A period superhero flick could have easily fallen flat on its face. Thankfully the team that crafted Captain America hit all the right notes character and nostalgia-wise while providing plenty of flash and spectacle to keep things interesting. It feels a bit like the 21st-century equivalent of Indiana Jones in Raiders of the Lost Ark. I am an admitted comic-book movie geek, but I never thought I'd have my love of 1940s history so gloriously mashed-up with the superhero film genre. It's a fantastically realized dream come true, one that I didn't even quite realize I had. *wink*

Chris Evans just owns this movie as Steve Rogers, a.k.a. Captain America. I am seriously crushing on the man now. :) His all-American good looks and boyish earnestness are pitch-perfect for the role and the time period. His turn as Steve manages a delicate balance between the conventions of modern superhero movies and the innocence and idealism of Hollywood flicks from the 1940s, when "men were men," if you will, fighting against the unfathomable might of the Nazi war machine. The special effects that transform Chris Evans from the 90 lb weakling version of Steve into the unstoppable hunk that becomes a patriotic symbol of the American war effort are, quite frankly, amazing. It would be easy for the CGI to overshadow the characters, and it is a credit to Evans and director Joe Johnston that they don't allow the on-screen magic to usurp the kindness that is the bedrock of Steve's character. Steve's never-say-die determination and gentle spirit are what set him apart, and ultimately it are those qualities that transform him into a leader of men.

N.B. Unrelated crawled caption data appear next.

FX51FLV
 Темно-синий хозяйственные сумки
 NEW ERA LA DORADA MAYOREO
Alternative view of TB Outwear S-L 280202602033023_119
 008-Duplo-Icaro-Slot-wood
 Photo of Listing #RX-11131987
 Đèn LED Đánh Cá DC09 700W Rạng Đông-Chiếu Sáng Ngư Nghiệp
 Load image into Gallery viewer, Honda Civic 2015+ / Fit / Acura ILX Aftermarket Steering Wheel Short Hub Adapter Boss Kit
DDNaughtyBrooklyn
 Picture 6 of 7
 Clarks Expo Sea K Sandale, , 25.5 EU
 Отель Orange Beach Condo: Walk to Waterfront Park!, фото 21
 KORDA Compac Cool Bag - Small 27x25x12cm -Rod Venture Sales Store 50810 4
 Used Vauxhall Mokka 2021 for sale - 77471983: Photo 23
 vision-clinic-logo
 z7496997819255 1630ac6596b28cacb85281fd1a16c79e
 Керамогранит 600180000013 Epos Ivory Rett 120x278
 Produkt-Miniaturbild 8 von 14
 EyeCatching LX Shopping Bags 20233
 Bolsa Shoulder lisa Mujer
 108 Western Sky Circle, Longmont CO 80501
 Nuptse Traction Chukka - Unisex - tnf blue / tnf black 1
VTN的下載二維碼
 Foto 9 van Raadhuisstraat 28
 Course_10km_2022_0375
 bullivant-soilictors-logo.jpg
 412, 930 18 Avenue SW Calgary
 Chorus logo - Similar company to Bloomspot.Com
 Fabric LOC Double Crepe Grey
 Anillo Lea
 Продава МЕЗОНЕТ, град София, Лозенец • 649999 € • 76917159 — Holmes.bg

As I mentioned in my Thor post, I find myself getting educated on the "standards" of the Marvel comic universe a little more as each film releases. This is probably the way to go, for me anyway, as keeping things straight in the 21st-century film universe is job enough (when compared to reconciling the sprawling, over-lapping, and in some cases contradictory comics canon). The focus of the power struggle in Captain America is a "cosmic cube" stolen by Nazi/HYDRA big bad Johann Schmidt (Hugo Weaving), a source of unlimited power that he refers to as "the jewel of Odin's treasure room." With that you have the Thor tie-in (the cube is briefly seen in the bonus scene at the end of the credits), and prior to Thor, the cube was seen in Howard Stark's notes in Iron Man 2. HYDRA is apparently the evil-terrorist version of S.H.I.E.L.D., which I suspect will be the crux of the conflict in The Avengers.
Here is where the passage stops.